Томъ принесетъ имъ другую сотню и безъ особеннаго труда, по его же словамъ. Онъ самъ же говоритъ, что у него въ природѣ учить. Удивительно, право, это! прибавилъ мистеръ Тёливеръ, поворачивая голову на одну сторону и щекотя, въ размышленіи, своемъ бичемъ лошадь по боку.
Вѣроятно, потому, что учить было такъ въ природѣ мистера Стелинга, онъ принимался за свое дѣло съ единообразіемъ методы и пренебреженіемъ мелочныхъ обстоятельствъ, подобно, животнымъ, находящимся подъ непосредственнымъ вліяніемъ природы. Милый боберъ мистера Бродерини также серьёзно строилъ себѣ плотины, по словамъ этого увлекательнаго натуралиста, въ Лондонѣ, въ третьемъ этажѣ какъ-будто онъ жилъ при рѣчкѣ или озерѣ въ Верхней Канадѣ. Строить было одною изъ функцій "Бони": отсутствіе воды и невозможность размноженія своей породы были такія обстоятельства, за которыя онъ не былъ отвѣтчикомъ. Съ такимъ же точно непогрѣшающимъ инстинктомъ мистеръ Стеллингъ принимается напечатлѣвать на молодомъ умѣ Тома Тёливера итонскую грамматику и Эвклида: онъ видѣлъ въ этомъ единственный фундаментъ солиднаго образованія; всѣ другія средства воспитанія въ глазахъ это были шарлатанствомъ и могли произвести только верхолёта. Человѣкъ, утвержденный на такомъ незыблемомъ основаніи, можетъ только съ улыбкою сожалѣнія смотрѣть, какъ выказываютъ свои разнообразныя и спеціальныя познанія люди, несистематически-образованные: всѣ эти свѣдѣнія, конечно, полезны; но для этихъ людей невозможно было составить основательнаго мнѣнія.

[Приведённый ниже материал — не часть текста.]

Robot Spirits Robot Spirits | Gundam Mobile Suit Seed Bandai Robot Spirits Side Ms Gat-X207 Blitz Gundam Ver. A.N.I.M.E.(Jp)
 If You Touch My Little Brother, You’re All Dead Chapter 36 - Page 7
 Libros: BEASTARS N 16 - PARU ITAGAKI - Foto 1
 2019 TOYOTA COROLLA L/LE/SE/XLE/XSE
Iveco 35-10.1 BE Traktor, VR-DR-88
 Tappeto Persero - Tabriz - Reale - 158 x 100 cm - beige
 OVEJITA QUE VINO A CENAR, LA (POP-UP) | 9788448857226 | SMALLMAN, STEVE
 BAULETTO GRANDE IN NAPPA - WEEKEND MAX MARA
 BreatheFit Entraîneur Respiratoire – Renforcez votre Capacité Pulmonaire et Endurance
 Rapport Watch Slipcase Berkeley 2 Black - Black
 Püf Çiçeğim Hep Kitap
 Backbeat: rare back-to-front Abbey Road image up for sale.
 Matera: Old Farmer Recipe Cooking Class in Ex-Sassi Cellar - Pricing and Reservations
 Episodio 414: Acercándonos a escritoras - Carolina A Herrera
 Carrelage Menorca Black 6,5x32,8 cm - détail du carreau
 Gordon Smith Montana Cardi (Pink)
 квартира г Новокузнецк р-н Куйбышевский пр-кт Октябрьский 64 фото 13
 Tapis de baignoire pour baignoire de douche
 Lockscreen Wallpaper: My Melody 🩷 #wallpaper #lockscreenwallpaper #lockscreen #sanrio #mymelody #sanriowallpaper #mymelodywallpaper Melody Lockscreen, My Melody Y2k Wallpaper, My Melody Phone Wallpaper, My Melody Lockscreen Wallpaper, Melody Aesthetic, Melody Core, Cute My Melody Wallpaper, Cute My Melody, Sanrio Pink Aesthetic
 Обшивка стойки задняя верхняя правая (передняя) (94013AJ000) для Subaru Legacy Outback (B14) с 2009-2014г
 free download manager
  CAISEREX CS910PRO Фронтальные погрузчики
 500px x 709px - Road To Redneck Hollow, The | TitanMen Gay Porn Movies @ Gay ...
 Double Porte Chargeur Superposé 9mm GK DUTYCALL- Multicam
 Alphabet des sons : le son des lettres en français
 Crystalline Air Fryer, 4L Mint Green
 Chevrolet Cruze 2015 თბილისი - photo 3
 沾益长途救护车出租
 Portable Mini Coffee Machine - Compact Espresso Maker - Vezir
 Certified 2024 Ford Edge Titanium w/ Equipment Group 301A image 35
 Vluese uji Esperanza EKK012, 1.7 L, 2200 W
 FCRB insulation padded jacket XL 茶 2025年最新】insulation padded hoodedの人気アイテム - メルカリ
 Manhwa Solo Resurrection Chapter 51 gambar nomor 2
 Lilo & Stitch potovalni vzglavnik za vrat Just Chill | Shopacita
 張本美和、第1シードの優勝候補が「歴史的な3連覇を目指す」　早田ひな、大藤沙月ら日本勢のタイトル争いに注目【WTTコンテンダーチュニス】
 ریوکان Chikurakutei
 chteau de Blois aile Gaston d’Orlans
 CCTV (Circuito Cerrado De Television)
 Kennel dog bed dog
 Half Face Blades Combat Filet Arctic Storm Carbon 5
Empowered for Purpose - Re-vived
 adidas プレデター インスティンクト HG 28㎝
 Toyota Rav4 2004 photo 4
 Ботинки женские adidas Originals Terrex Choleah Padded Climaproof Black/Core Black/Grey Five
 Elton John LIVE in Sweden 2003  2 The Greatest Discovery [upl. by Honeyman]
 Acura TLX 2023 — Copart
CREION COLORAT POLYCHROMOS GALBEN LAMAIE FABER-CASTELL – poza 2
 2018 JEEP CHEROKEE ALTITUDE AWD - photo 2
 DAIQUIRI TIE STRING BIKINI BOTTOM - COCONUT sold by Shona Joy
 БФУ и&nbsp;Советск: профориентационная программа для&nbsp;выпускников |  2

Держась такого убѣжденія, мистеръ Стелингъ не былъ подъ вліяніемъ, подобно другимъ наставникамъ, особенной обширности и глубины своей собственной учености; и его взгляды на Эвклида вовсе не были затемнены личнымъ пристрастіемъ. Мистеръ Стелингъ совершенно не увлекался энтузіазмомъ ни ученымъ, ни религіознымъ; съ другой стороны, онъ не питалъ также тайнаго убѣжденія, что-будто все было шарлатанство. И онъ такимъ же образомъ вѣрилъ въ свою методу Воспитанія. Онъ не сомнѣвался, что онъ совершенно исполнялъ свою обязанность въ-отношеніи сына мистера Тёливера. Конечно, когда мельникѣ толковалъ самъ, полупонимая о съемкѣ плановъ и счетоводствѣ, мистеръ Стелингъ совершенно его успокоилъ увѣреніемъ, будто онъ все понимаетъ, что для него необходимо; какъ же требовать, чтобъ этотѣ добрый человѣкъ могъ себѣ составить благоразумное мнѣніе о цѣломъ предметѣ? Обязанность мистера Стелинга была учить мальчика какъ слѣдуетъ, по настоящей методѣ, другой онъ даже и не зналъ: онъ не тратилъ своего времени, чтобы набивать себѣ голову безтолковщиною.
Онъ порѣшилъ сейчасъ же, что бѣдный Томъ былъ круглый дуракъ, потому-что хотя, послѣ тяжелаго труда, онъ и успѣлъ вдолбить себѣ въ голову извѣстныя склоненія, но соотношенія между падежами и окончаніями никакъ ему не давалось, и онъ, бѣдный, не могъ отличить встрѣчавшійся ему родительный падежъ отъ дательнаго. Это поражало мистера Стелинга, даже болѣе чѣмъ природная глупость: онъ подозрѣвалъ здѣсь упрямство или, по-крайней-мѣрѣ, равнодушіе, и читалъ Тому строгія наставленія за его лѣность.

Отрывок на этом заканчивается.